The goal of this clinical trial is to is to test the safety of a new way to deliver a commonly used drug (amiodarone) used in heart surgery by placing a patch containing the drug directly on the heart instead of in an IV (vein). Participating subjects must be 20-85 year old males or females. Up to 80 participants having cardiac surgery at the University of Louisville will be involved in this study. The main questions this study aims to answer are: 1. Is the patch safe? 2. Does the patch lower the rate of atrial fibrillation (irregular heart rhythm) after cardiac surgery? Researchers will compare up to 3 different doses of the amiodarone patches (low, medium and high) to the usual treatment (Standard of Care) to see if there are differences (increases or decreases) in heart rhythms after cardiac surgery across study groups. Participants will be placed in one of 4 study groups: * Standard of Care (20 participants) * Low dose patch (20 participants) * Medium dose patch (20 participants) * High dose patch (20 participants) Participants will be monitored closely by their doctor(s) during the study and would: * Agree to participate after having their doctor, or a member of the team, explain the study in detail and allowing them to ask any questions they would like. * Sign an Informed Consent Form which will describe the study and tests in full. * Agree to have their doctor and his/her research team record your medical information, draw blood, and perform electrocardiograms, or EKGs (quick, painless test that measures the electrical activity of the heart) and echocardiograms (image of heart) to monitor their heart. * Agree to receive training on the portable EKG recorder and to use it at home approximately 30 days and 6 months after their surgery to monitor their heart. * Agree to return to the hospital approximately 30 days and 6 months after their surgery for a study visit. Participant involvement will be approximately 7 months total.
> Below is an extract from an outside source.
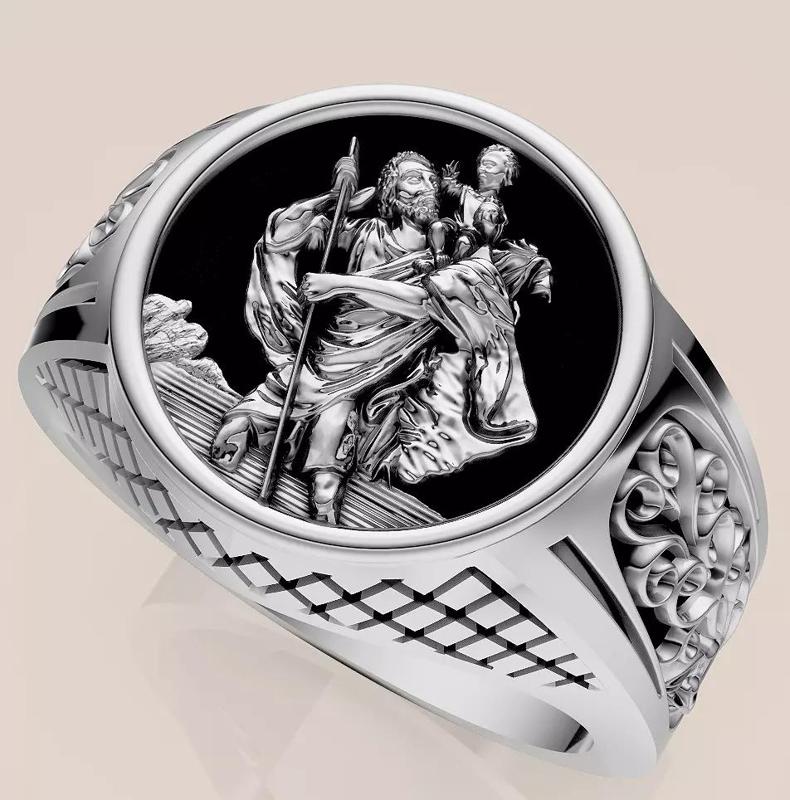 Saint Christopher ring printable gold jewelry printable 3D model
The purpose of this study is to determine the safety of a drug-device treatment for the prevention of postoperative atrial fibrillation following open heart surgery. Approximately a quarter of patients will develop atrial fibrillation after open heart surgery. Atrial fibrillation is a type of irregular heart rhythm or arrhythmia, in which the heart does not pump effectively. This can lead to problems such as stroke, palpitations (an abnormal heart rhythm that can feel like your heart is racing or pounding) and prolonged hospital stays. The goal of this study is to determine if the application of a medication (amiodarone) containing patch on the surface of the heart at the time of surgery is safe, which may lead to a treatment to lower the rate of atrial fibrillation in patients undergoing open heart surgery. The study drug-device is not yet FDA approved.
Study Type
INTERVENTIONAL
Allocation
RANDOMIZED
Purpose
PREVENTION
Masking
DOUBLE
Enrollment
80
Intervention includes a topical, atrial-specific, amiodarone infused CardiaMend patch in the operating room and applied onto the epicardial surface biatrially
University of Louisville
Louisville, Kentucky, United States
RECRUITINGSafety, defined as major adverse cardiac and cerebrovascular events (MACCE), up to subject discharge.
MACCE is defined as in-hospital all-cause death, acute myocardial infarction (AMI), or ischemic stroke.
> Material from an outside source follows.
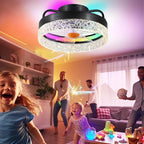 Flush Mount Ceiling Fan with Light - Small Low Profile Ceiling Fan,13" RGB Dimmable LED Bladeless Ceiling Fans, Modern Enclosed LED-RGB Ambient Light for Bedroom, Kids Room, Party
Time frame: From the day of the index procedure up to two months or date of hospital discharge, whichever is the sooner
Incidence of postoperative atrial fibrillation (POAF)
Incidence of POAF up to patient discharge; defined as subject experiencing atrial fibrillation/flutter (AF) after OR Exit that lasted longer than one hour, or lasted less than one hour but required medical or procedural intervention.
Time frame: From the day of the index procedure up to two months or date of hospital discharge, whichever is the sooner
Migration of cardiamend-amiodarone patches.
Confirm placement of patches with non-contrast thoracic CT scan on first 3 subjects from Group 2 (70 mg) prior to discharge.
Time frame: One day before the date of hospital discharge up to two months
Length of Stay.
Length of initial hospital stay.
Time frame: From the day of the index procedure to hospital discharge up to 2 months
Hospital readmission.
30 day readmission from discharge due to all cause complications based upon STS data
Time frame: Up to 30 days post-subject hospital discharge.
POAF duration
Duration of POAF, if observed.
Time frame: From the day of the index procedure up to two months or date of hospital discharge, whichever is the sooner
Discharge on antiarrhythmic drug.
Discharge on antiarrhythmic drug, if POAF observed.
Time frame: At subject hospital discharge to a maximum of 2 months post-index procedure date.
Discharge on oral anticoagulation.
Discharge on oral anticoagulation, if POAF observed.
Time frame: At subject hospital discharge to a maximum of 2 months post-index procedure date.